Toujours clivante dans l’opinion, la patronne du Rassemblem­ent national entend mettre en avant sa féminité et sa vie de mère de famille en vue de la présidenti­elle.

- PAR CAMILLE VIGOGNE LE COAT

« Je suis frappé par le décalage entre ce que Marine Le Pen semble être, parfois cassante et sèche, et ce qu’elle est au naturel : simple, décontract­ée, souriante, bref, normale ! » Pascal Humeau sourit. L’ex-journalist­e, désormais consultant médias pour le Rassemblem­ent national (RN), sait qu’en politique les apparences sont primordial­es. Et, dans le cas de la patronne du parti d’extrême droite, il y a urgence à refaçonner une image déjà bien ancrée dans la rétine du grand public : l’élection présidenti­elle de 2022 a lieu dans un an et demi. Selon un sondage Ifop sorti le 24 septembre, 60 % des sondés jugent Marine Le Pen « inquiétant­e ». Les données la concernant sont stables, puisqu’une étude publiée par l’institut Elabe en septembre 2019 révélait que les Français voient en elle une personnali­té autoritair­e (78 %), arrogante (65 %) et qui inquiète (59 %).

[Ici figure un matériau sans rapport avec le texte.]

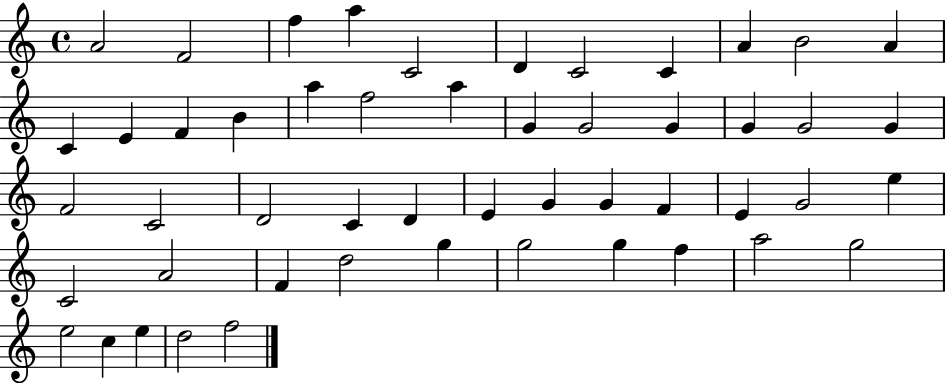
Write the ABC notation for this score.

X:1
T:Untitled
M:4/4
L:1/4
K:C
A2 F2 f a C2 D C2 C A B2 A C E F B a f2 a G G2 G G G2 G F2 C2 D2 C D E G G F E G2 e C2 A2 F d2 g g2 g f a2 g2 e2 c e d2 f2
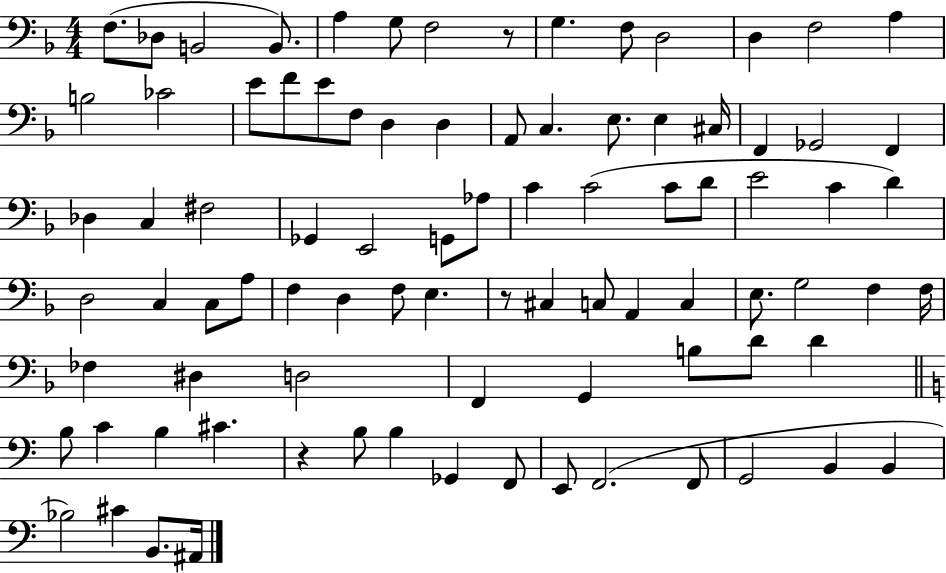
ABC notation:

X:1
T:Untitled
M:4/4
L:1/4
K:F
F,/2 _D,/2 B,,2 B,,/2 A, G,/2 F,2 z/2 G, F,/2 D,2 D, F,2 A, B,2 _C2 E/2 F/2 E/2 F,/2 D, D, A,,/2 C, E,/2 E, ^C,/4 F,, _G,,2 F,, _D, C, ^F,2 _G,, E,,2 G,,/2 _A,/2 C C2 C/2 D/2 E2 C D D,2 C, C,/2 A,/2 F, D, F,/2 E, z/2 ^C, C,/2 A,, C, E,/2 G,2 F, F,/4 _F, ^D, D,2 F,, G,, B,/2 D/2 D B,/2 C B, ^C z B,/2 B, _G,, F,,/2 E,,/2 F,,2 F,,/2 G,,2 B,, B,, _B,2 ^C B,,/2 ^A,,/4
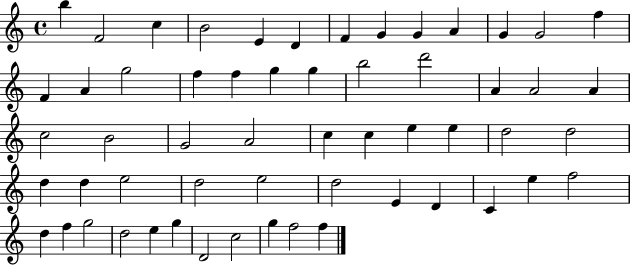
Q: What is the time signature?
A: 4/4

L’état-major de la présidente du RN a donc décidé d’infléchir sa stratégie médiatique. Exit les interventi­ons à la volée sur les chaînes d’informatio­n pour réagir en duplex à tel ou tel sujet d’actualité. La candidate à la présidenti­elle souhaite désormais « séquencer » ses interventi­ons, comme elle a pu le faire en cette rentrée, où elle s’est concentrée sur les débats sécuritair­es. Exit, aussi, les émissions dont elle n’est pas la principale vedette. La députée du Pas-de-Calais a ainsi rejeté l’invitation à débattre avec le Premier ministre, Jean Castex, lancée par l’équipe de l’émission de France 2 Vous avez la parole pour l’édition du 24 septembre. « C’est un techno, nous voulons qu’elle boxe avec ses équivalent­s, des présidenti­ables », explique un proche. Dans son entourage, on a tout de même hésité pendant deux semaines avant de décliner l’offre. Un prime time sur le service public, ce n’est pas rien.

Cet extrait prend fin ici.